Database performance

One of the medium sized DWH I run is to have all the aggregate summaries rebuilt in few weeks time. The customer is replacing the old mainframe with a new ERP system, and at the same time restructuring their reporting structures and hence asked that we change all of the existing product codes to the new values.
We have not rebuilt all of the summaries on this DWH since we migrated it from a 24 CPU sparc2 box with a barn load of 9gb disk to the new high speed Sun box on a SAN. Less CPUs but so much more grunt. I got one of my team to estimate the rebuild time base on the amount time the average daily batch takes... bad news it would take 7 days of 24x7 working, about twice as long as on the old box. So we then looked at the individual jobs in the batch. Three took far longer than the others (tens of minutes against tens of seconds) so as that was the most pain we targeted them. The longest running of these was the base daily sales summary, this table holds about 600,000,000 rows and is partitioned by day (812 partitions) and is built from the aggregates of the daily POS LINE and POS_HEADER tables (again 812 partitions each) joined to the customer, store, product, original supplier, product type and calendar dimension tables.
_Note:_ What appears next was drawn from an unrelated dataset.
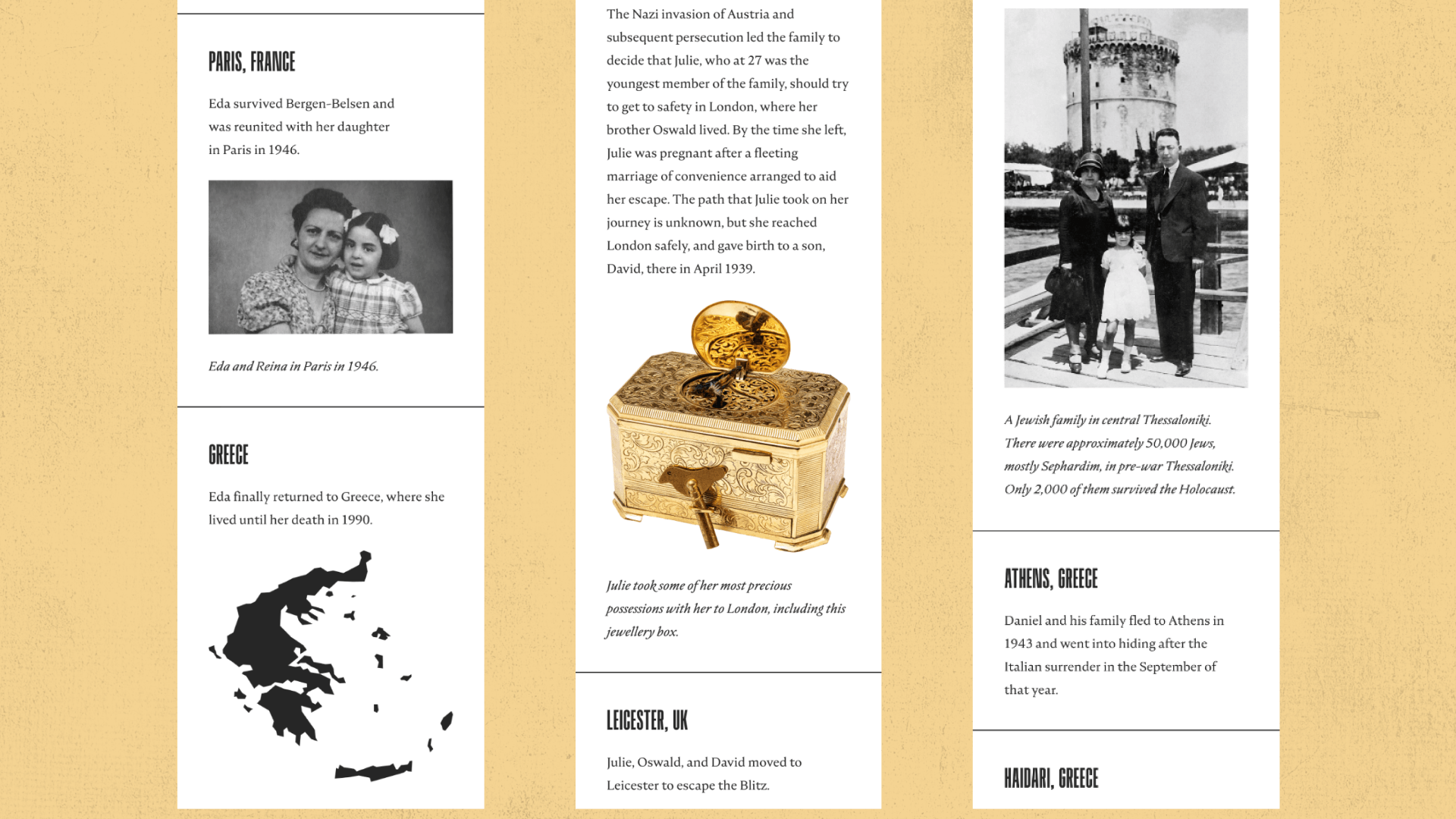 History told through digital experience_ Image-1.png
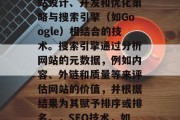 SEO技术是一种将网站设计、开发和优化策略与搜索引擎(如Google)相结合的技术。搜索引擎通过分析网站的元数据,例如内容、外链和质量等来评估网站的价值,并根据结果为其赋予排序或排名。,SEO技术,如何提高网站排名? SEO技术是一种将网站设计、开发和优化策略与搜索引擎(如Google)相结合的技术。搜索引擎通过分析网站的元数据,例如内容、外链和质量等来评估网站的价值,并根据结果为其赋予排序或排名。,SEO技术,如何提高网站排名?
So we looked at the build method - truncate partition followed by append parallel insert. So that looked good. Then the SQL for the insert... gotcha! - the common column for the POS LINE and POS HEADER is the document number and that was in the join and we joined on date to the header date. But what was missing was the join of date to the POS LINE. So instead of finding a document number in a single partition we scanned the whole .6 billion row source table for each document.... YUK!
Build time now sub 3 minutes, saving 12 minutes - moral if you join partitioned tables make sure that you join to partition key for each table
The other tables would not have the same problem as we were building summaries over our base summary. The seemed nothing fundamentally wrong with our code so we change the way we built the summary. Instead of the above truncate partition followed by append parallel insert we moved to. Create intermediate table in same tablespace as partition as select * where 1=2 from the summary. Insert append parallel into intermediate table, partition exchange, rebuild the indexes and we are done... saving 4 minutes.
Now to work out why exchange is quicker than insert for some summaries but not all. But having targeted the worst offenders we can get the job done in 2.5 days.